The three-day maximum for full contact would begin during the third week of practice.
The committee has defined full contact as:
- LIVE ACTION: Contact at game speed where players execute full tackles at a competitive pace taking players to the ground.
- WRAP: Drills run at full speed until contact, which is above the waist with the players remaining on their feet.
- THUD: Same as wrap but tempo is competitive with no pre-determined winner and the players are not tackling to the ground.
Crater High football coach John Beck, who is on the executive board of the Oregon Athletic Coaches Association, said that the full contact restrictions would have little affect on practice plans if approved by the OSAA.
"Usually, most high school teams on Monday do film review and a short little practice thing so it would be Tuesday, Wednesday and Thursday that you're talking about," said Beck, "and Thursdays aren't heavy banging days anyway. Maybe I'm speaking out of turn but the consensus among the coaches association is that it wouldn't change anything, it would just put protocols in place for that."
Beck said the idea is to limit helmet-to-helmet contact and taking players to the ground, thereby promoting safety and keeping players fresh during the season.
Given the parameters of what is defined as full contact, Beck admitted coaches might need to alter practice plans or drills to accommodate the proposed change.
"I guess it could depend on the kind of offense you run," he said. "Some of the more traditional I-formation or option running teams could potentially change some of the things they do but probably not by too much."
An added benefit for football coaches, however, will be an extra week of preparation before the 2014 season begins on Sept. 4, which is one week later than in the past few years. The first official practice date is Aug. 18, with the season cutoff and playoff dates still holding true to recent schedules.
IN OTHER CHANGES, the OSAA adopted a recommendation by the National Federation of State High School Associations (NFHS) in basketball that allows players to move into the lane on free throw attempts when the ball is released.
Previously, players could not leave their lane positions until the ball touched the rim or backboard or until the free throw ended.
The change was made as a means to help officials, who were tasked with watching the ball strike the rim or backboard while simultaneously attempting to observe if any players violated the lane-line restrictions. The NFHS committee also determined that the previous practice left insufficient time for the perimeter official to get good angles on the players rebounding misses.

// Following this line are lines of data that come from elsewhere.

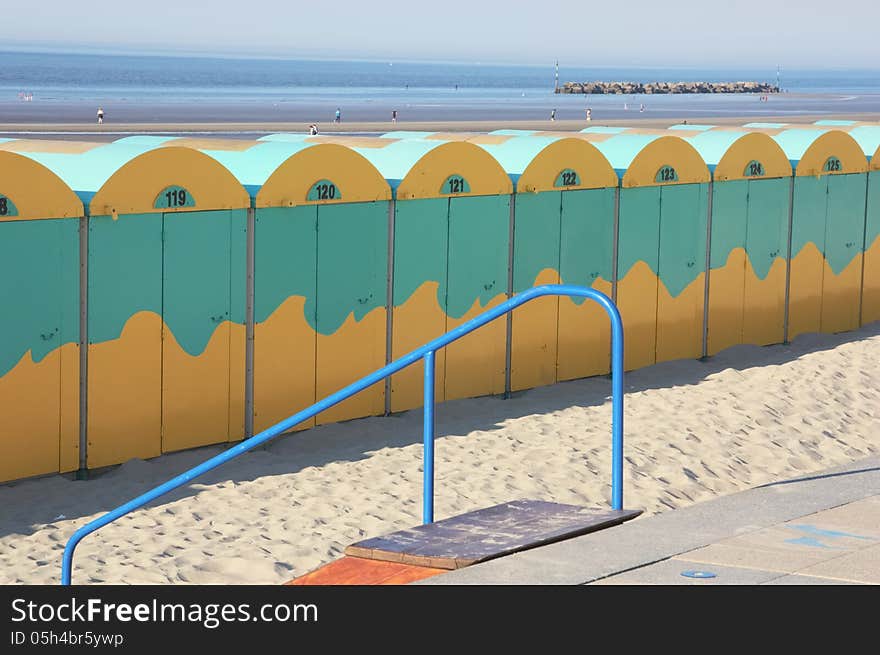 Beach huts alignment on a large beach in northern France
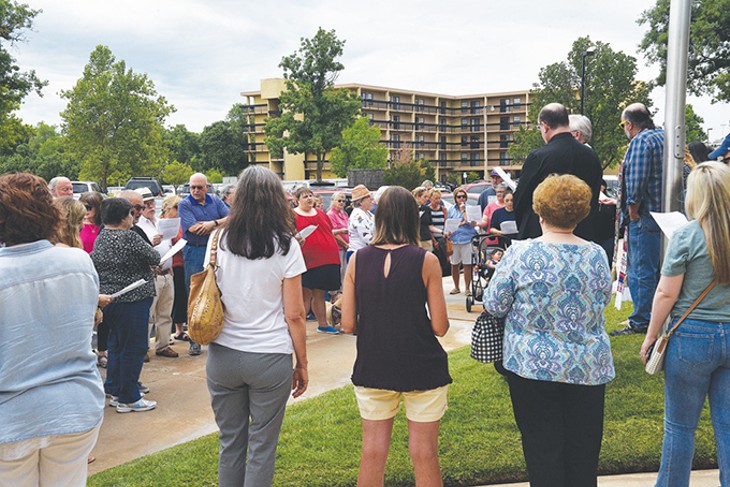 Dozens gather for the weekly Vigil for Immigration Justice, a multi-deonominational show of support for immigrant communities. Many vigil attendees voiced frustrations with the enforcement of family-separating policies on the nation’s southern border. - BEN LUSCHEN
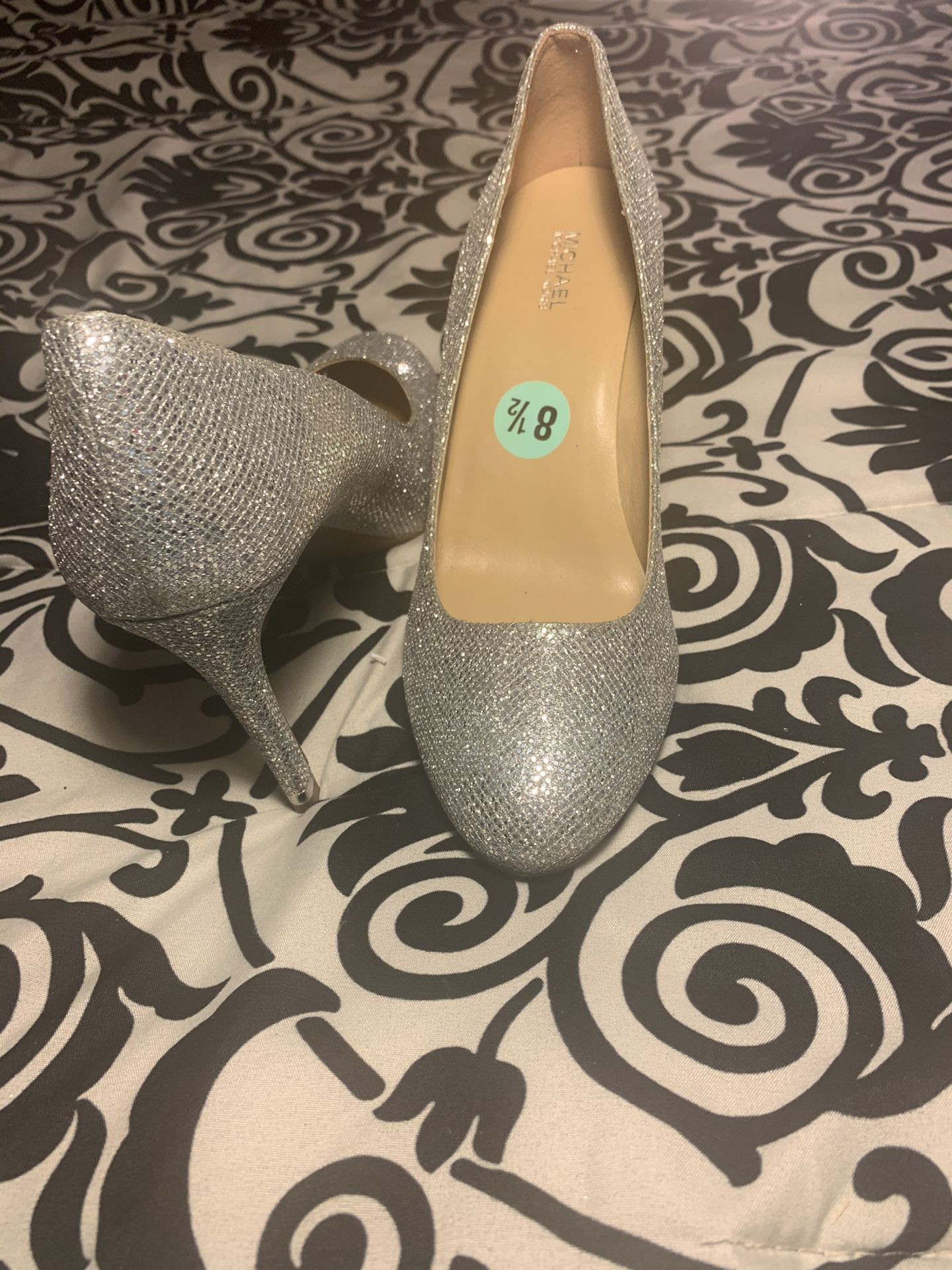 Michael Kors Women’s high heels Size 8.5 Color Silver Pre Own Condition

In another rules change, in an effort to eliminate excessive contact on ballhandlers outside the lane area, the committee added an article to the rule book that states a foul while guarding a ballhandler occurs when the defender places two hands on the player, places an extended arm bar on the player, places and keeps a hand on the player and/or contacts the player more than once with the same hand or alternating hands.
Also, the committee expanded Rule 3-5-3 by identifying anything worn on the arm and/or leg as a sleeve, except a knee brace. These items, including tights, will now be permitted but must meet the color and logo restrictions in said rule. Previously, this rule permitted only arm sleeves and leg-compression sleeves.